Provided records:
--- --- ---

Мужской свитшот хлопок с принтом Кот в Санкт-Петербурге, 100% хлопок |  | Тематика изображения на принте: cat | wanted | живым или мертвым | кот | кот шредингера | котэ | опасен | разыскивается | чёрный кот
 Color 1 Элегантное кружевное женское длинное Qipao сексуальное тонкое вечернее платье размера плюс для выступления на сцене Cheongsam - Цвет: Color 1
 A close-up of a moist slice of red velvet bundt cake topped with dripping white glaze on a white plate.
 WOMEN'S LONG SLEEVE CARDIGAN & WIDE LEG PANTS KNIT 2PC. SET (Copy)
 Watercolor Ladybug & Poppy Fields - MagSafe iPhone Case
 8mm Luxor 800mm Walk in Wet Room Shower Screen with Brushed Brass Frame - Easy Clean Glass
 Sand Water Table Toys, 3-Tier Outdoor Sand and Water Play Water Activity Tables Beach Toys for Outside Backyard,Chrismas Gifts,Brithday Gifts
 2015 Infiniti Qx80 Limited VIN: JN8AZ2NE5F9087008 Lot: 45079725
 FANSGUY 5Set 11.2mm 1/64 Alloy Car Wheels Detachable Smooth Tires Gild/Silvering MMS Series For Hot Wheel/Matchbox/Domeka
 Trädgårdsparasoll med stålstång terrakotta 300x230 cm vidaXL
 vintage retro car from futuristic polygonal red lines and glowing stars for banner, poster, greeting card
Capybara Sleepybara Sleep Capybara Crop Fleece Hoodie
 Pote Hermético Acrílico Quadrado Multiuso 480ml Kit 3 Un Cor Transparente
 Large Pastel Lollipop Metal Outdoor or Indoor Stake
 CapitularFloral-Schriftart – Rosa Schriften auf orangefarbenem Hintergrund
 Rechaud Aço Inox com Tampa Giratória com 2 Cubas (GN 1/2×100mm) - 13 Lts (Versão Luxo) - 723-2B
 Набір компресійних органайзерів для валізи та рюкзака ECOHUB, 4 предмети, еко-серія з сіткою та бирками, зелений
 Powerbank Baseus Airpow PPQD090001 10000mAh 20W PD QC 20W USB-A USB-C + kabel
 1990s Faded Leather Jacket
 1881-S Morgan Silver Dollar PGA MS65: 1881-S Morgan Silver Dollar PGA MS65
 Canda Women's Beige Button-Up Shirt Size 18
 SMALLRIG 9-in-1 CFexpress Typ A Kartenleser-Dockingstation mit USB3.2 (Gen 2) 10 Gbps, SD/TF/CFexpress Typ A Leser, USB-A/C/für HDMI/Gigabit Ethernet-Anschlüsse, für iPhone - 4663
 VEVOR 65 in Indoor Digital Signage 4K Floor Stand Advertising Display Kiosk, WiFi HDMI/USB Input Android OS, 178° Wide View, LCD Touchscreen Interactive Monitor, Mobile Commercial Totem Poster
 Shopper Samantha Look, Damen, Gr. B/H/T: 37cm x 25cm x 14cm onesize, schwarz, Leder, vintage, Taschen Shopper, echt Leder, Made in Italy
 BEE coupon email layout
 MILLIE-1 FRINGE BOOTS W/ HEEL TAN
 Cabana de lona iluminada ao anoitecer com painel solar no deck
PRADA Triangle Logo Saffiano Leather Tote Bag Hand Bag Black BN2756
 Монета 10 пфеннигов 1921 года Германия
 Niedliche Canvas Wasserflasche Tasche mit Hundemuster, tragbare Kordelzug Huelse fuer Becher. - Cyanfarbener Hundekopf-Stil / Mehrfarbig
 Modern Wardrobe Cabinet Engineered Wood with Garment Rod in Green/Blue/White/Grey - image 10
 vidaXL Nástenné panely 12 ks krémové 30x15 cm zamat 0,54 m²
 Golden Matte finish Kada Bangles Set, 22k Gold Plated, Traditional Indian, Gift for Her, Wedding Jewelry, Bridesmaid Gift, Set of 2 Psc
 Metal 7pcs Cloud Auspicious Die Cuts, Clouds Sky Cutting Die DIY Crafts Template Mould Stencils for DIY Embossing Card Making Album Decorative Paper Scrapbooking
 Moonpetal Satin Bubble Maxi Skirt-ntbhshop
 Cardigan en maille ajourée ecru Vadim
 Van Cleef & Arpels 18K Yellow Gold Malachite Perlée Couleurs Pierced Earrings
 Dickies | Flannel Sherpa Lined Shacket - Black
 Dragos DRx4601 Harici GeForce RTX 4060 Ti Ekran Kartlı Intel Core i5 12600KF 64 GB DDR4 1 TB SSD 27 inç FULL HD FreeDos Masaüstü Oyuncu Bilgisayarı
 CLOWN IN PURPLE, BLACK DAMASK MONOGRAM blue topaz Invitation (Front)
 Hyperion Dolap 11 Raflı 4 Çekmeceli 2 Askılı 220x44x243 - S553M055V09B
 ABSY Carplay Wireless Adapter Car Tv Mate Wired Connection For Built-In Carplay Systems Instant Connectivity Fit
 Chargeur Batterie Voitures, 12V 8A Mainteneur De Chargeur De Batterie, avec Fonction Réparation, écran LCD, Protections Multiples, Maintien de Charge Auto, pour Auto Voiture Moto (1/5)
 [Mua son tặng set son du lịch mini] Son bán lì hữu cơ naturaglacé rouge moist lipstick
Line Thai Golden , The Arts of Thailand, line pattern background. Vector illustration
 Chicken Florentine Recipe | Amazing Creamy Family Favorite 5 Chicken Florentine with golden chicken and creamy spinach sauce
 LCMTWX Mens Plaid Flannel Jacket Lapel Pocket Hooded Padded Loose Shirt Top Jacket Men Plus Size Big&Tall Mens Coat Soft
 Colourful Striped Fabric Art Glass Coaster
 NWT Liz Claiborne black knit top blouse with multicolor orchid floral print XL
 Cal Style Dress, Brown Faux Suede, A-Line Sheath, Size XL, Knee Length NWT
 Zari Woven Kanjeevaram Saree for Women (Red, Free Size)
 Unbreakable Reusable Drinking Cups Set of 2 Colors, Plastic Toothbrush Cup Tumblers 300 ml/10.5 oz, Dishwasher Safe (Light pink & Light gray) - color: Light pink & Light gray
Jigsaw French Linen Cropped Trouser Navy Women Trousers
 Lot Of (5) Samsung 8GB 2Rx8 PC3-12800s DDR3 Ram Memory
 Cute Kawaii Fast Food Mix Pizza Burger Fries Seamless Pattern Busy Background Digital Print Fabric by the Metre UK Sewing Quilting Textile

--- --- ---

Instructions to follow: Leave out every line above except those from the line with "Large Pastel Lollipop" up to and including the line with "Canda Women's Beige Button-Up Shirt Size 18", and copy those exactly.

Exercise answer:
 Large Pastel Lollipop Metal Outdoor or Indoor Stake
 CapitularFloral-Schriftart – Rosa Schriften auf orangefarbenem Hintergrund
 Rechaud Aço Inox com Tampa Giratória com 2 Cubas (GN 1/2×100mm) - 13 Lts (Versão Luxo) - 723-2B
 Набір компресійних органайзерів для валізи та рюкзака ECOHUB, 4 предмети, еко-серія з сіткою та бирками, зелений
 Powerbank Baseus Airpow PPQD090001 10000mAh 20W PD QC 20W USB-A USB-C + kabel
 1990s Faded Leather Jacket
 1881-S Morgan Silver Dollar PGA MS65: 1881-S Morgan Silver Dollar PGA MS65
 Canda Women's Beige Button-Up Shirt Size 18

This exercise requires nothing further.